A Note on the Hardness of Verifying and Generating Reductions
Published:
This is a follow-up to my earlier post on The Karp Dataset meant to clarify the sense in which reductions are hard.
Preliminaries
We work with binary strings over the alphabet $\{0,1\}$. Let $\{0,1\}^n$ denote the set of all $n$-bit strings, and $\{0,1\}^* = \bigcup_{n \ge 0} \{0,1\}^n$ denote the set of all finite binary strings. For a string $x$, we write $\lvert x \rvert$ for its length.
Definition (Language). A language (or decision problem) is a subset $L \subseteq \{0,1\}^*$.
The membership problem for $L$ is: given $x \in \{0,1\}^*$, decide whether $x \in L$.
Definition ($\mathsf{P}$). A language $L$ is in $\mathsf{P}$ (polynomial time) if there exists a deterministic Turing machine $M$ (a “decider”) and a polynomial $p$ such that for all $x \in \{0,1\}^*$:
- $M(x)$ halts in at most $p(\lvert x \rvert)$ steps, and
- $M(x) = 1$ if and only if $x \in L$.
Definition ($\mathsf{NP}$). A language $L$ is in $\mathsf{NP}$ (nondeterministic polynomial time) if there exists a polynomial-time computable predicate $R$ (a “verifier”) and a polynomial $s$ such that
\[x \in L \;\Longleftrightarrow\; \exists w \in \\{0,1\\}^{\le s(\lvert x \rvert)} : R(x, w) = 1.\]Here, we call $w$ a witness for $x$. A language is in $\mathsf{coNP}$ if its complement is in $\mathsf{NP}$.

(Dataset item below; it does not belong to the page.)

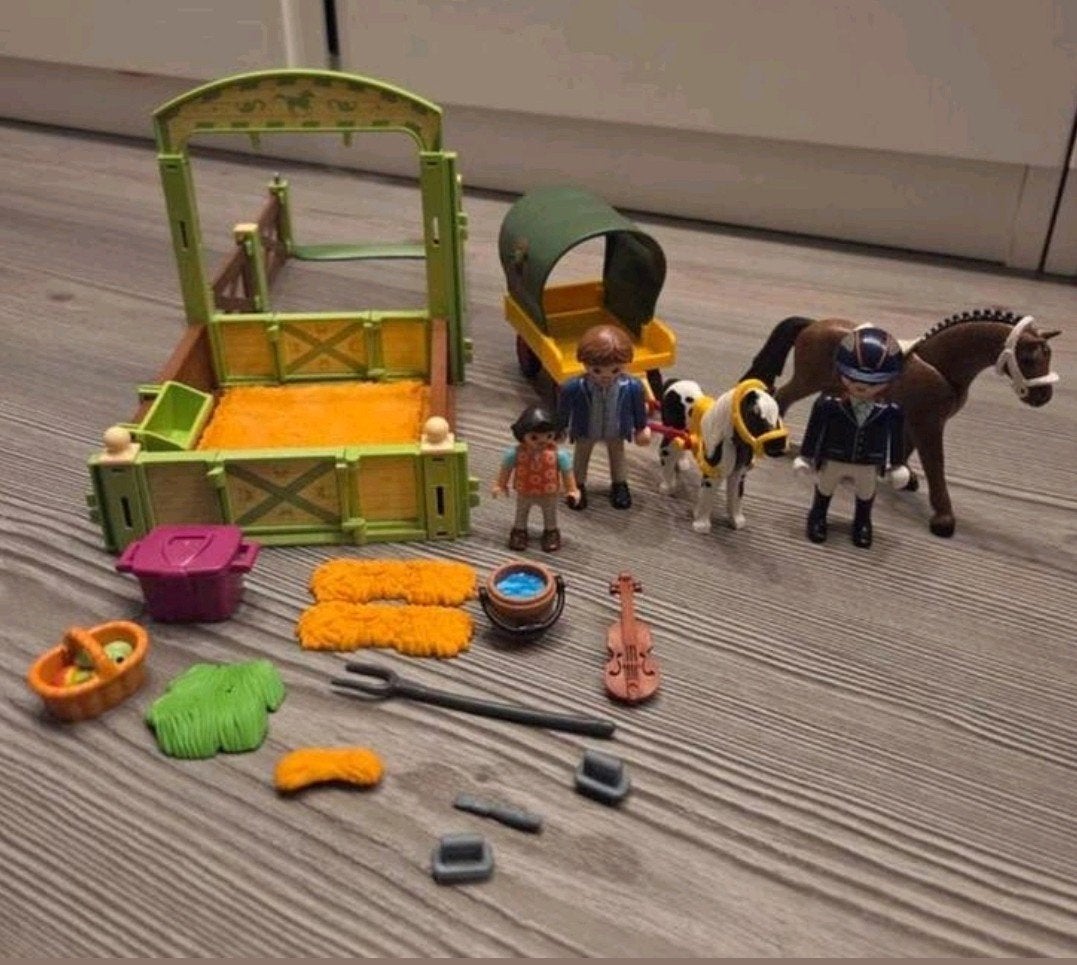 Playmobil set: Stal, huifkar, paarden en figuren, Ophalen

Definition (Polynomial Hierarchy). The polynomial hierarchy is defined inductively:
- $\Sigma_0^p = \Pi_0^p = \mathsf{P}$.
- $\Sigma_{k+1}^p = \mathsf{NP}^{\Sigma_k^p} = \mathsf{NP}^{\Pi_k^p}$ (NP with oracle access to $\Sigma_k^p$ or, equivalently, $\Pi_k^p$).
- $\Pi_{k+1}^p = \mathsf{coNP}^{\Sigma_k^p} = \mathsf{coNP}^{\Pi_k^p}$ (coNP with oracle access to $\Sigma_k^p$ or $\Pi_k^p$).

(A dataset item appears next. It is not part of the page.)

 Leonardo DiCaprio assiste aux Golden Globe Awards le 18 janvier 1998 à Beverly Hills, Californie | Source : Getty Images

Equivalently, $L \in \Sigma_k^p$ iff there exist a poly-time predicate $R$ and polynomials $s_1, \ldots, s_k$ such that
\[x \in L \;\Longleftrightarrow\; \exists w_1 \forall w_2 \exists w_3 \cdots Q_k w_k : R(x, w_1, \ldots, w_k),\]where $\lvert w_i \rvert \le s_i(\lvert x \rvert)$ and the quantifiers strictly alternate starting with $\exists$. For $\Pi_k^p$, the quantifiers start with $\forall$.
Note that $\Sigma_1^p = \mathsf{NP}$ and $\Pi_1^p = \mathsf{coNP}$.

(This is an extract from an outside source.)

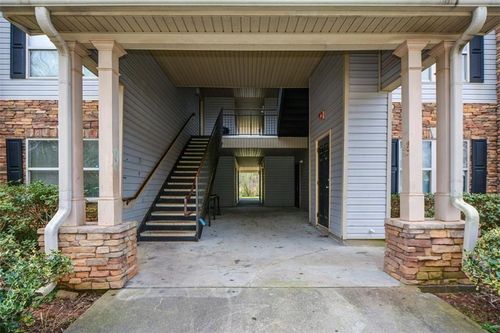 4101-4101 Fairington Club Dr, Lithonia, GA, 30038-5672 | Card Image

Definition (Polynomial-time Reduction). A polynomial-time reduction from $F$ to $G$ is a poly-time computable function $M$ satisfying:
\[x \in F \;\Longleftrightarrow\; M(x) \in G \quad \text{for all } x.\]Definition (Predicate Schema). A predicate schema of depth $k$ is a tuple
\[S = (Q_1 w_1, \ldots, Q_k w_k : R(x, \vec{w});\; p, s_1, \ldots, s_k)\]where:
- Each $Q_i \in \{\exists, \forall\}$ with strict alternation: $Q_{i+1} \neq Q_i$ for all $i < k$.
- $R : \{0,1\}^* \times \{0,1\}^* \times \cdots \times \{0,1\}^* \to \{0,1\}$ is a predicate computed by a deterministic Turing machine in time polynomial in $\lvert x \rvert + \sum_i \lvert w_i \rvert$. Since each $\lvert w_i \rvert \le s_i(\lvert x \rvert)$ for polynomials $s_i$, the runtime is equivalently $\mathrm{poly}(\lvert x \rvert)$.
- $p, s_1, \ldots, s_k : \mathbb{N} \to \mathbb{N}$ are polynomials.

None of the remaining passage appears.